David Hume is often considered to have been a sceptic, particularly in his conception of the individual's knowledge of the external world. However, a closer examination of his works gives a much different impression of this aspect of Hume's philosophy, one that is due for a thorough scholarly analysis. This study argues that Hume was, in fact, a critical realist in the early twentieth-century sense, a period in which the term was used to describe the epistemological and ontological theories of such philosophers as Roy Wood Sellars and Bertrand Russell.

Carefully situating Hume in his historical context, that is, relative to Aristotelian and rationalist traditions, Fred Wilson makes important and unique insights into Humean philosophy.
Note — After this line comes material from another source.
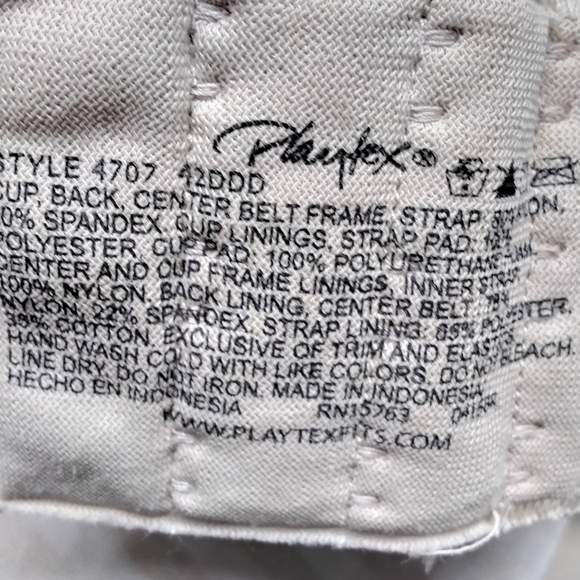 Playtex Secrets Perfectly Smooth Bra.   Size 42DD - Picture 5 of 5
Analyzing key sections of the Treatise, the Enquiry, and the Dialogues concerning Natural Religion, Wilson offers a deeper understanding of Hume by taking into account the philosopher's theories of the external world. Such a reading, the author explains, is not only more faithful to the texts, but also reinforces the view of Hume as a critical realist in light of twentieth-century discussions between externalism and internalism, and between coherentists and foundationalists.

Complete with original observations and ideas, this study is sure to generate debates about Humean philosophy, critical realism, and the limits of perceptual knowledge.

About the author

Fred Wilson teaches logic, rational thinking, and the philosophy of science at the University of Toronto and is the author of numerous books, including: Explanation, Causation and Deduction; Laws and Other Worlds; Psychological Analysis and the Philosophy of John Stuart Mill; Empiricism and Darwin's Science; Hume’s Defence of Causal Inference; and The Logic and Methodology of Science in Early Modern Thought: Seven Studies.